Suu Kyi no pudo recoger el premio catalán. En 1990 su partido ganó con un 80% de los votos las primeras elecciones multipartidistas en 30 años, resultado que desde entonces hasta hoy ha sido ignorado por la junta militar. En los 18 años pasados desde aquella cruel burla de la democracia, la activista ha permanecido casi ininterrumpidamente en la cárcel o bajo arresto domiciliario. La otra galardonada en Barcelona, Cynthia Maung, sí pudo recoger el merecido galardón. A diferencia de Suu Kyi que no puede salir de Birmania, a esta doctora que dirige una clínica para refugiados birmanos en la localidad fronteriza tailandesa de Mae Sot, lo que le está prohibido es entrar en su país.
Birmania ha sido un país cerrado a cal y canto durante décadas. Solo la destrucción causada por el ciclón Nargis en mayo pasado, con más de 100.000 muertos, entreabrió a duras penas la puerta para que pudiera entrar ayuda humanitaria y poder paliar en algo los efectos del desastre que la junta militar era incapaz de atender.
El anuncio de unas elecciones en el 2010 que la junta presenta como parte de su hoja de ruta hacia la democracia, permitían albergar alguna esperanza, igual que la puesta en libertad en septiembre de Win Tin, de 79 años, uno de los opositores más reconocidos después de pasar 19 años entre rejas.

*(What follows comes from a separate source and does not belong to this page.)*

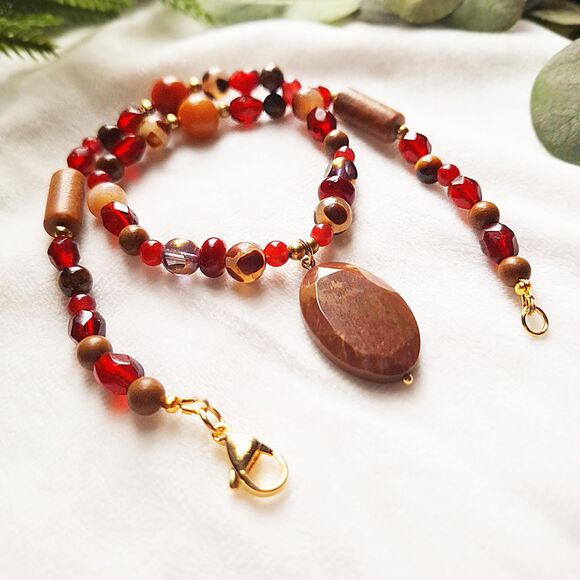 Brown Jasper & Red Jade Beaded Pendant Necklace - 24k Gold Plated Stainless - Picture 15 of 16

Las duras condenas impuestas la semana pasada a los más de 60 disidentes parecen indicar todo lo contrario, que el régimen se está preparando para que los comicios anunciados para dentro de dos años sean, con la oposición en la cárcel, un nuevo escarnio.
La ayuda desde el exterior a la promoción de la democracia en dictaduras siempre es difícil. En Birmania la vinculación de ayuda humanitaria a la democratización nunca ha funcionado. El acoso desde instituciones internacionales, tampoco. La actitud crítica de países occidentales solo ha servido para que la junta estrechara lazos con su gran vecino, China, necesitado de los recursos energéticos que el país posee en la costa. A su vez, esta vinculación ha sido el mayor obstáculo a una acción de Naciones Unidas.
En enero del pasado año, por ejemplo, China y Rusia vetaron en el Consejo de Seguridad un proyecto de resolución que condenaba la represión de la junta contra las minorías y la oposición. Ahora EEUU desearía que el Consejo decretara un embargo de armas, pero el veto de aquellos dos países está asegurado. Desde 1962, cuando los militares se hicieron con el poder, todos los llamamientos al diálogo han caído en saco roto.